[Work instruction] Pictures in the data should be dropped; transcribe exactly the lines from the one that has "Two-toned raffia bucket" through the one that has "Man In Pink Suit At Red Door GIF".
=== Data supplied ===
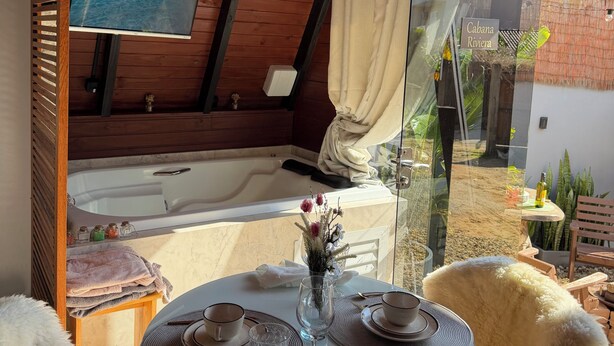 Ein gemütliches Zimmer mit Holzbalkendecke, einem großen Fenster mit Vorhängen, einer Badewanne, einem für zwei Personen gedeckten Tisch und Blick auf einen Garten.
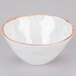 A white melamine bowl with a brown speckled rim.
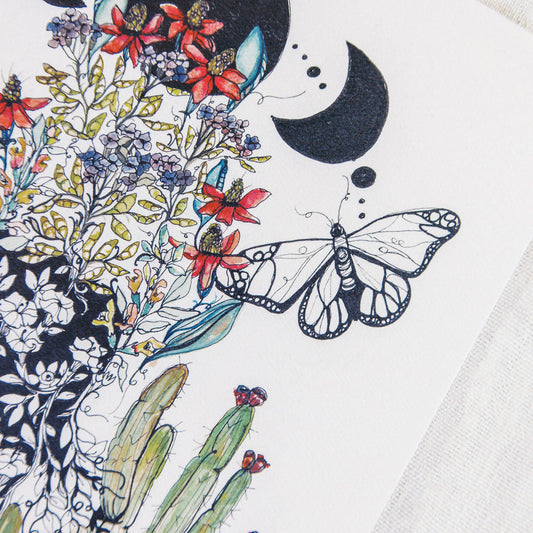 Details of an artistic art print of a female figure under lunar phase, surrounded by cacti, flowers, and butterflies on a textured beige background.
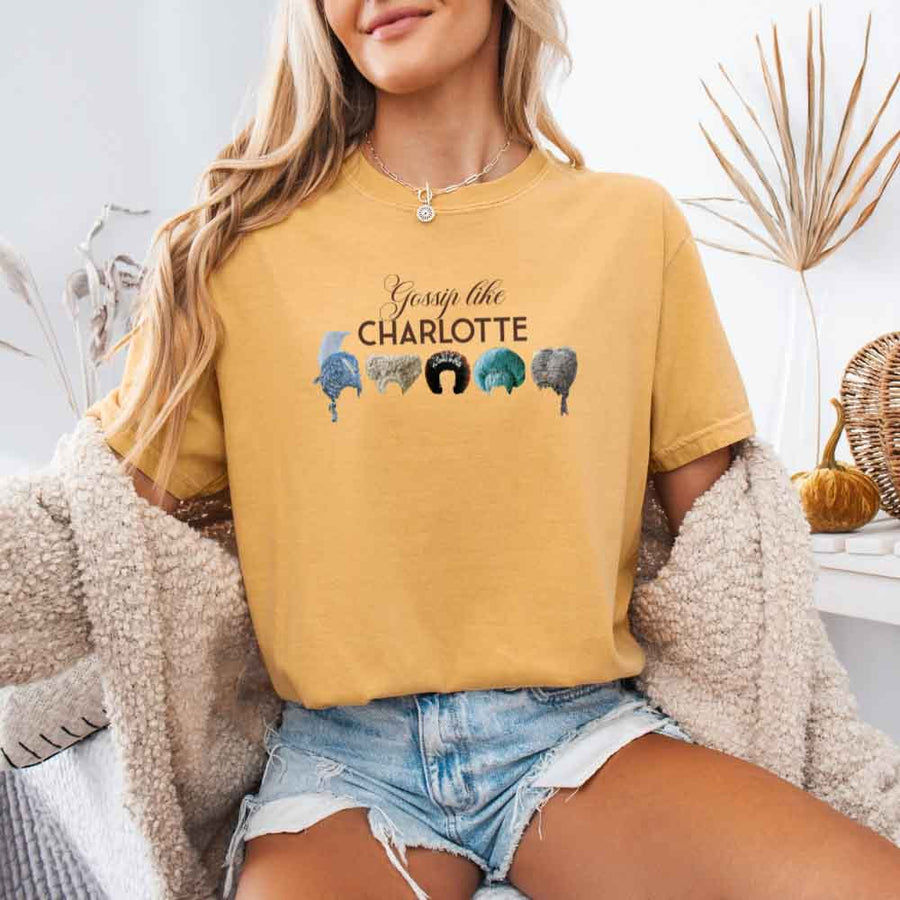 May include a person wearing a Mustard Gossip Like Charlotte Wigs Comfort Colors T-Shirt featuring historical drama inspired graphic and relaxed fit.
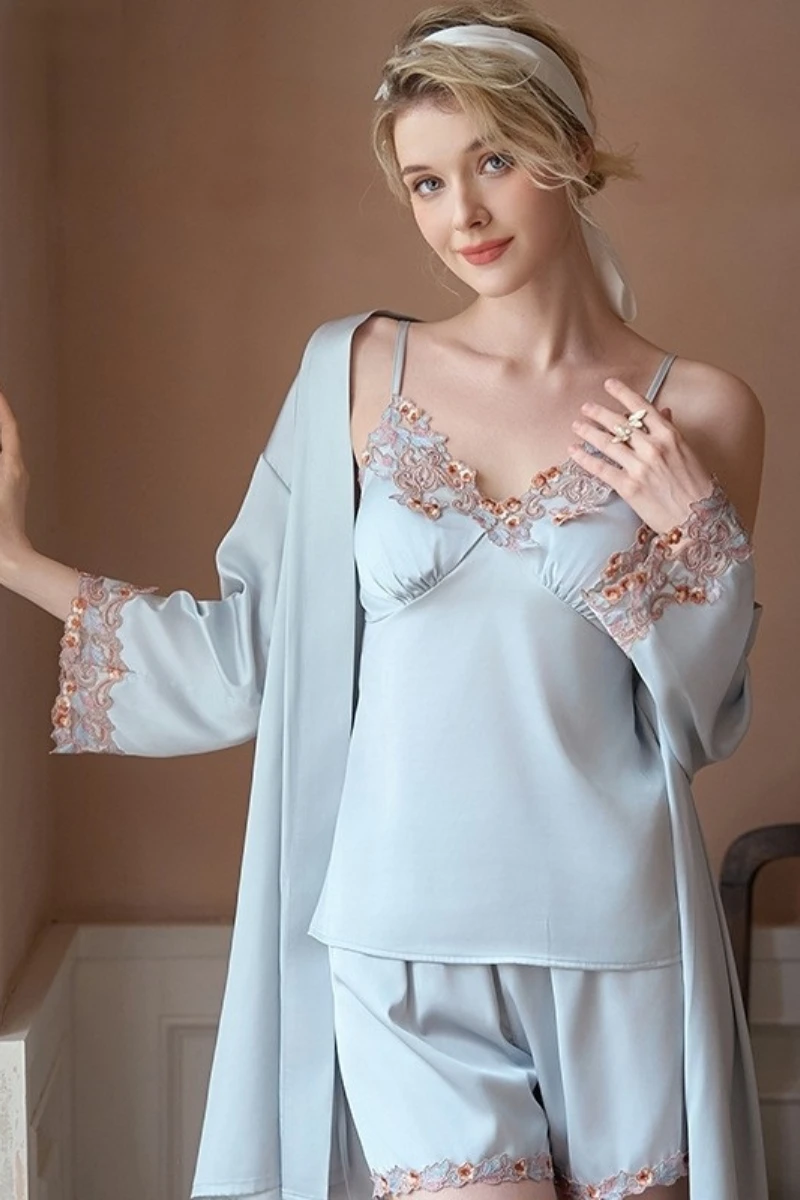 Light blue lace-trimmed camisole and shorts nightwear set with a flowing robe, presented as an oem sexy nightgown women style for lingerie manufacturers.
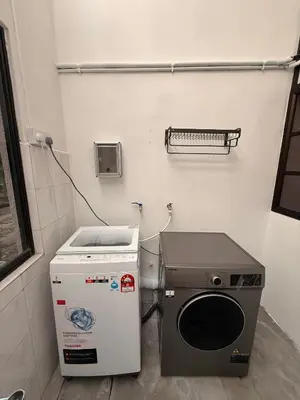 a kitchen with a stove and a washer and dryer at Capy House Taiping in Taiping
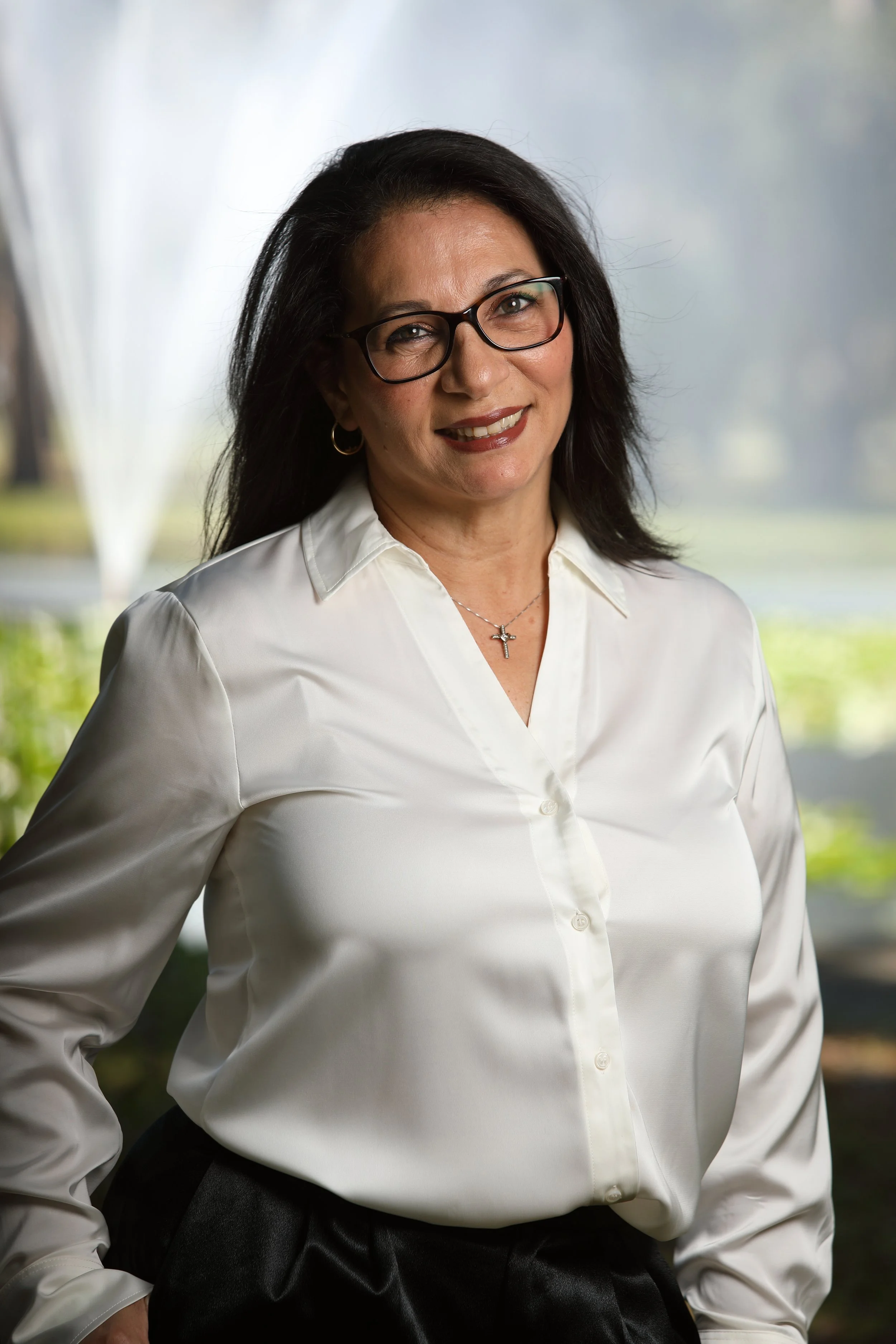 A woman with dark hair and glasses smiling, wearing a white blouse and black pants, standing outdoors with a fountain and green foliage in the background.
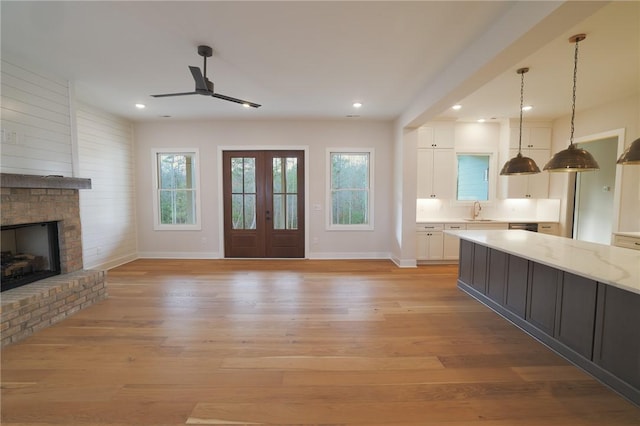 unfurnished living room with french doors, sink, light wood-type flooring, ceiling fan, and a fireplace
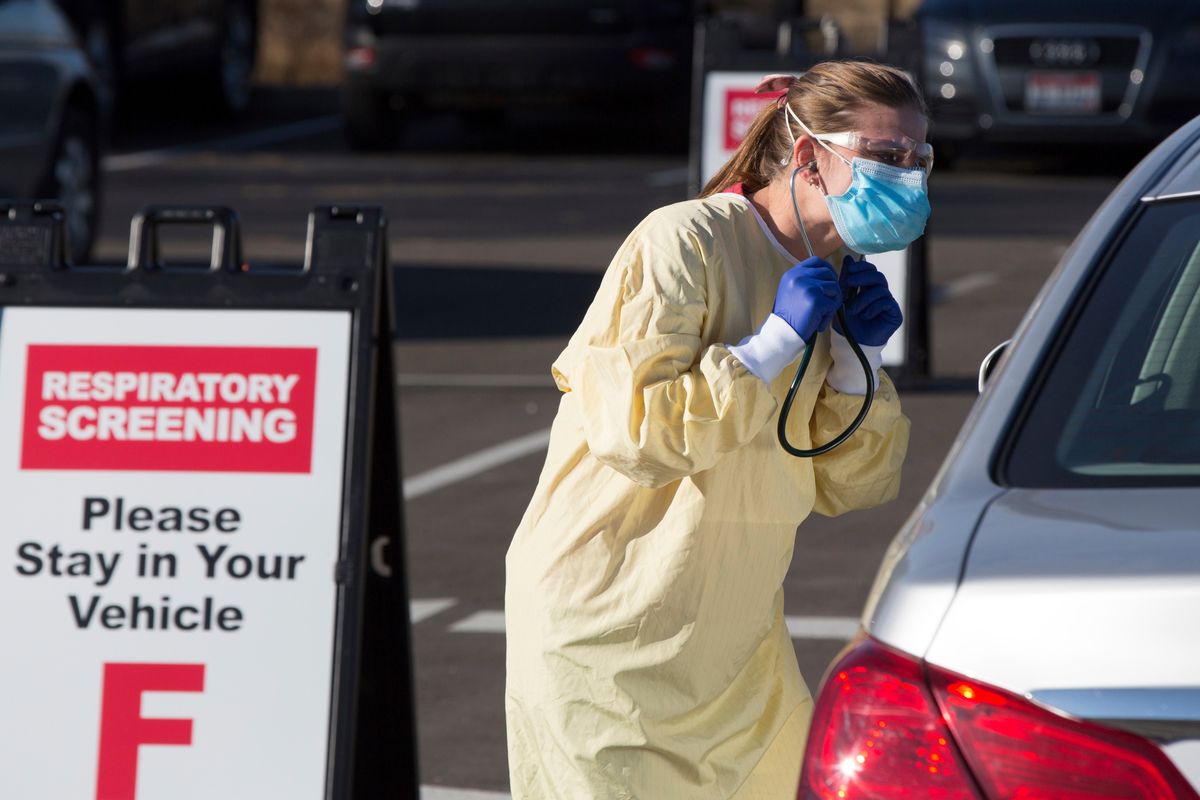 Physician assistant Nicole Thomas conducts a COVID-19 examination in the parking lot at Primary Health Medical Group’s clinic in Boise on Nov. 24, 2020.  (Otto Kitsinger)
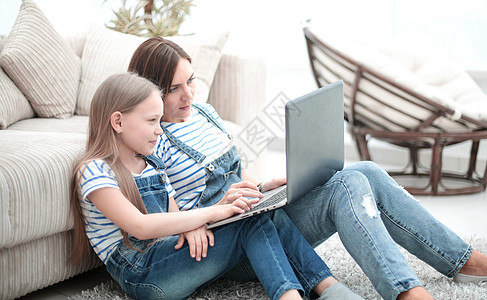 母亲和女儿坐在客厅的地毯上 用笔记本电脑家庭闲暇学习女性孩子们父母冲浪妈妈沙发童年图片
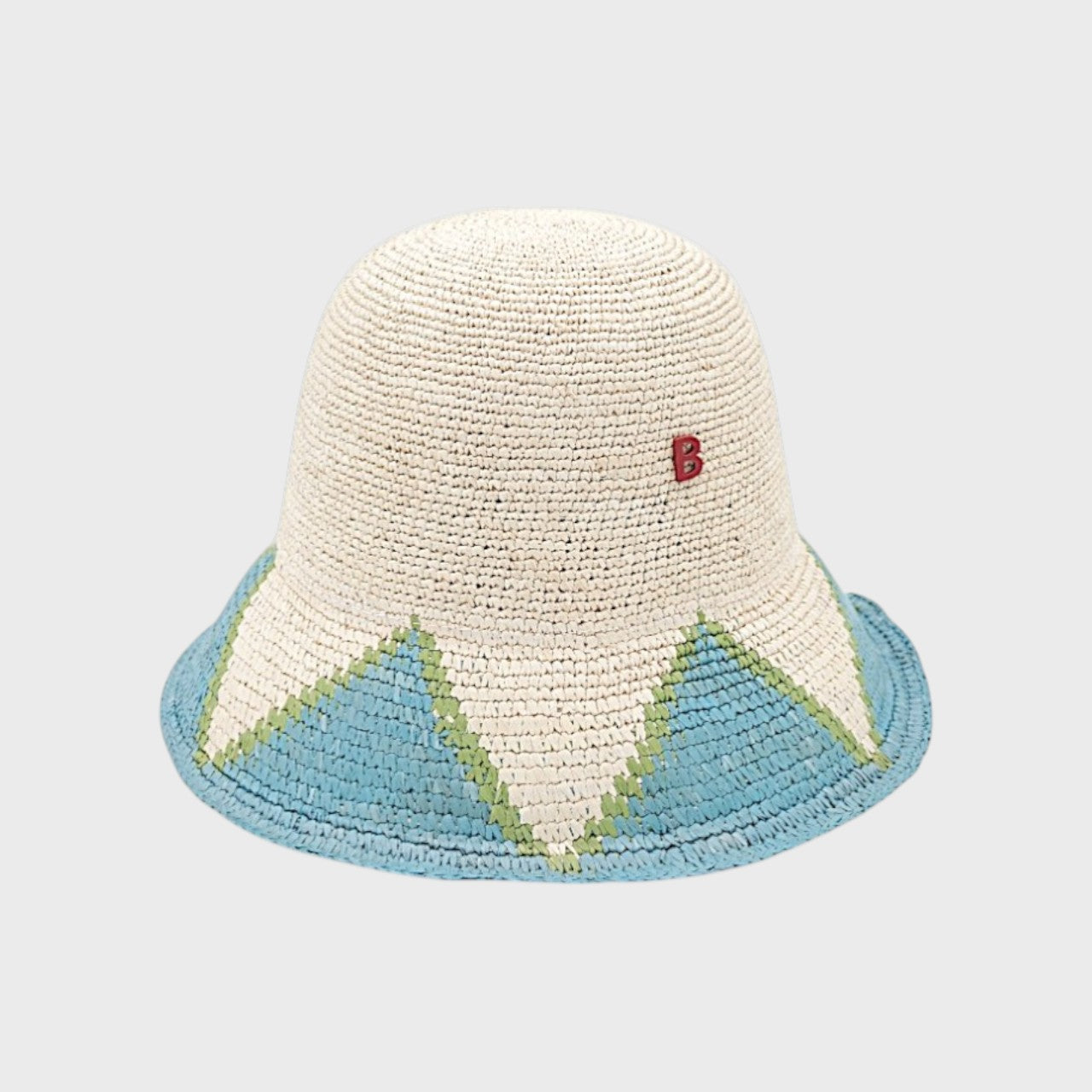 Two-toned raffia bucket hat with blue, green and beige accents on a light gray background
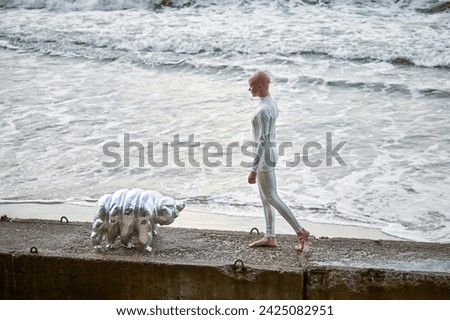 Young hairless girl with alopecia in white futuristic suit walking on concrete fence with toy tardigrade on sea background, bald pretty girl symbolizes courage and acceptance of unique appearance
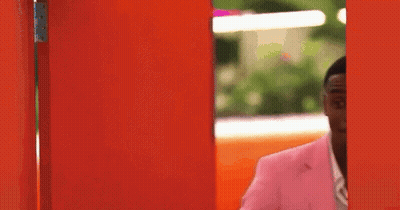 Man In Pink Suit At Red Door GIF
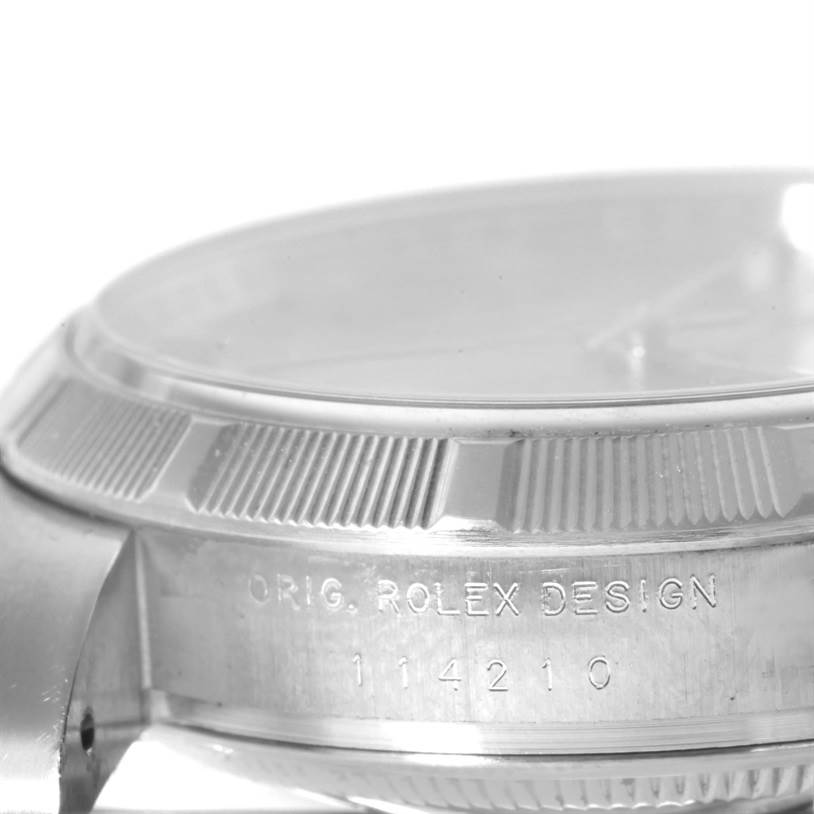This image shows a close-up of the side case and bezel of a Rolex Air-King 114210 Men's Stainless Steel Silver Dial 114210 Men's Stainless Steel Silver Dial watch, highlighting its engraved details.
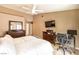 Spacious main bedroom featuring a ceiling fan, TV, desk and tasteful décor at 7641 Sea Wind Dr, Las Vegas, NV 89128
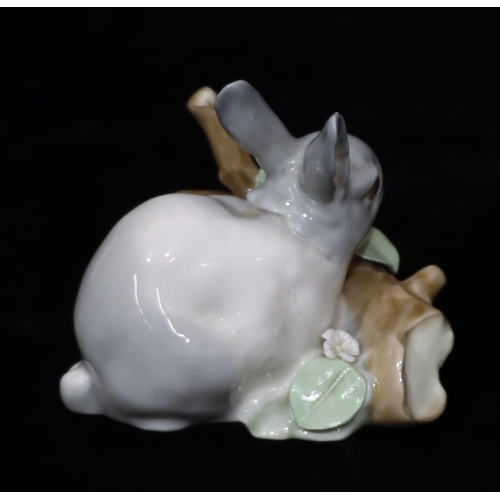 24 - A Lladro figure of a rabbit standing on a log, 8.5cm high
===
[Answer to this exercise]
 Two-toned raffia bucket hat with blue, green and beige accents on a light gray background
 Young hairless girl with alopecia in white futuristic suit walking on concrete fence with toy tardigrade on sea background, bald pretty girl symbolizes courage and acceptance of unique appearance
 Man In Pink Suit At Red Door GIF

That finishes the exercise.